## Task
Only the lines holding the word "going" are wanted; copy each of them from the listing.

## Material for this task
· · · · ·
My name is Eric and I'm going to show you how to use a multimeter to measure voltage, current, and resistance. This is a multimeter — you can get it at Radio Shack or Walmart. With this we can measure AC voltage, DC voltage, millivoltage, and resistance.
· · · · ·
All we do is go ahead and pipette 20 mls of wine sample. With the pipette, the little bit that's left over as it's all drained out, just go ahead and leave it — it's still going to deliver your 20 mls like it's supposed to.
· · · · ·
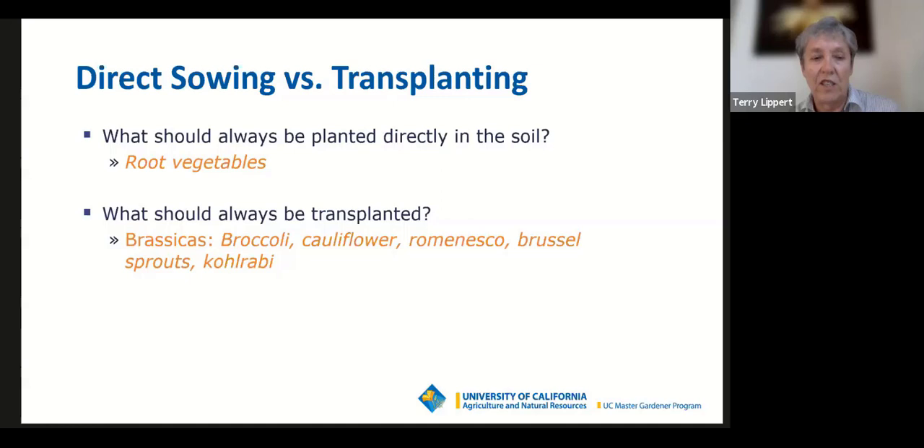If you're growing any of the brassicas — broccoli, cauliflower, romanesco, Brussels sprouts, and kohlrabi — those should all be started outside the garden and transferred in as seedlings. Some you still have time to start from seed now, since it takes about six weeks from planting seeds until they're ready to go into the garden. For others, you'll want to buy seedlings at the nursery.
· · · · ·
## The answer
My name is Eric and I'm going to show you how to use a multimeter to measure voltage, current, and resistance. This is a multimeter — you can get it at Radio Shack or Walmart. With this we can measure AC voltage, DC voltage, millivoltage, and resistance.
All we do is go ahead and pipette 20 mls of wine sample. With the pipette, the little bit that's left over as it's all drained out, just go ahead and leave it — it's still going to deliver your 20 mls like it's supposed to.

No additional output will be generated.